*What the exercise asks*: Output all of the lines below exactly, and leave out each image.

*Supplied information*:
####################

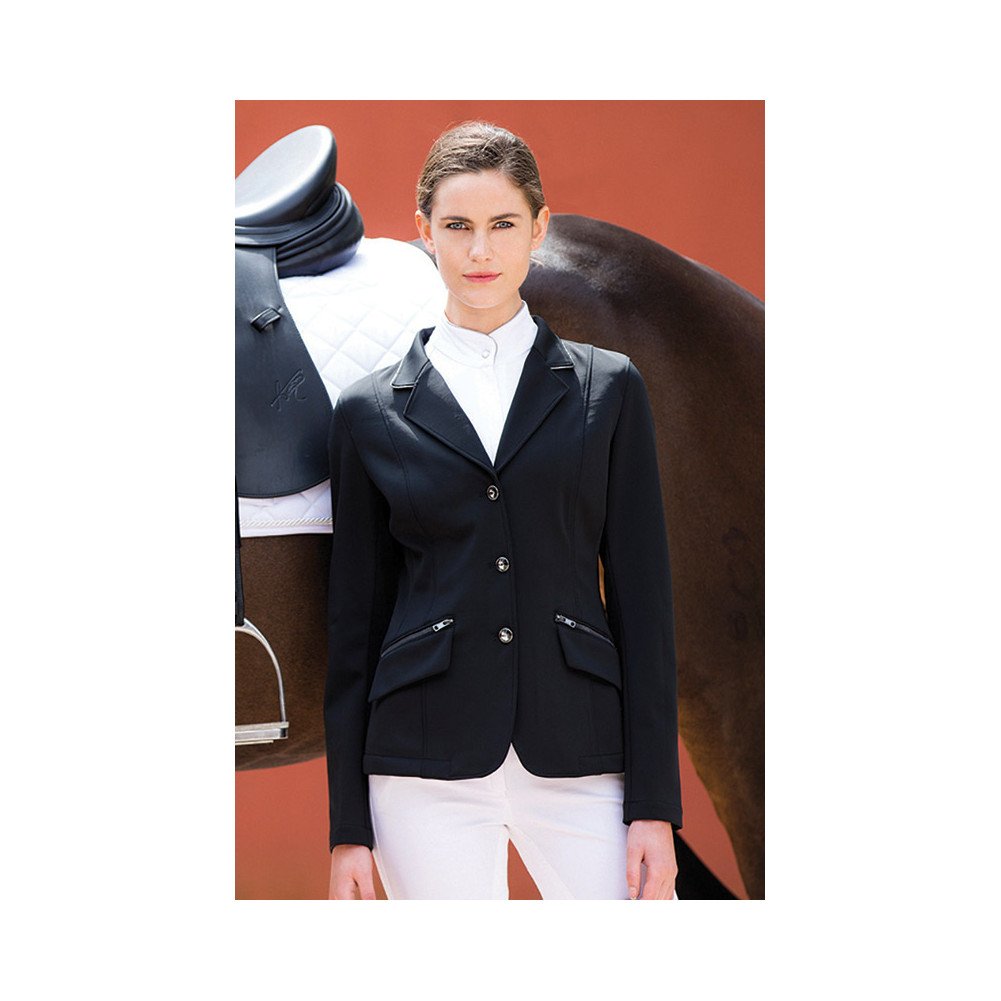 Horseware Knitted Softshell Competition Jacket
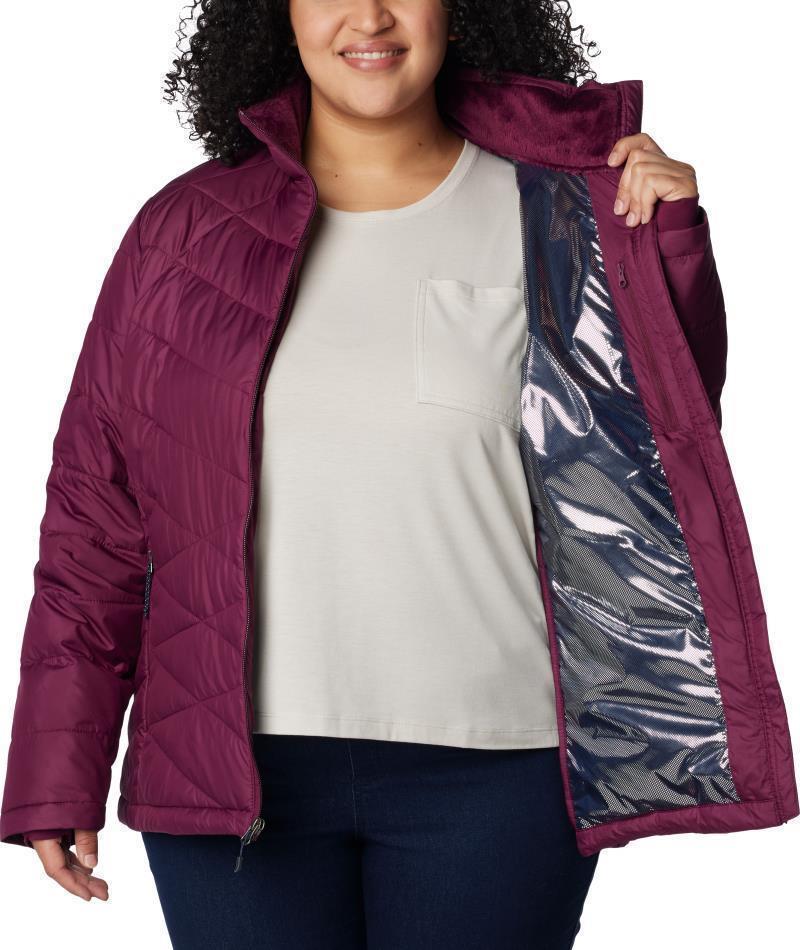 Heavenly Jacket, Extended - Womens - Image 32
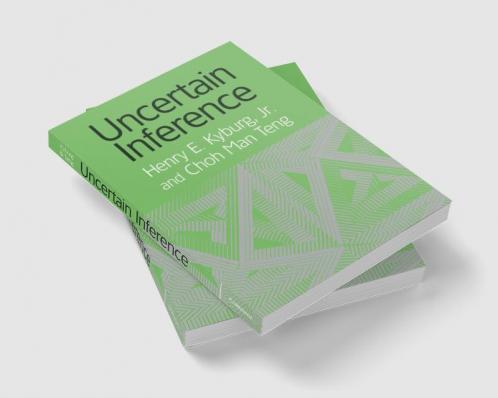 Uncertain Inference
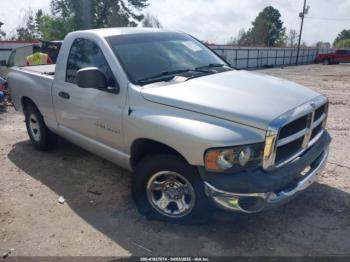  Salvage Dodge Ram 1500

####################

*Answer for the task*:
 Horseware Knitted Softshell Competition Jacket
 Heavenly Jacket, Extended - Womens - Image 32
 Uncertain Inference
  Salvage Dodge Ram 1500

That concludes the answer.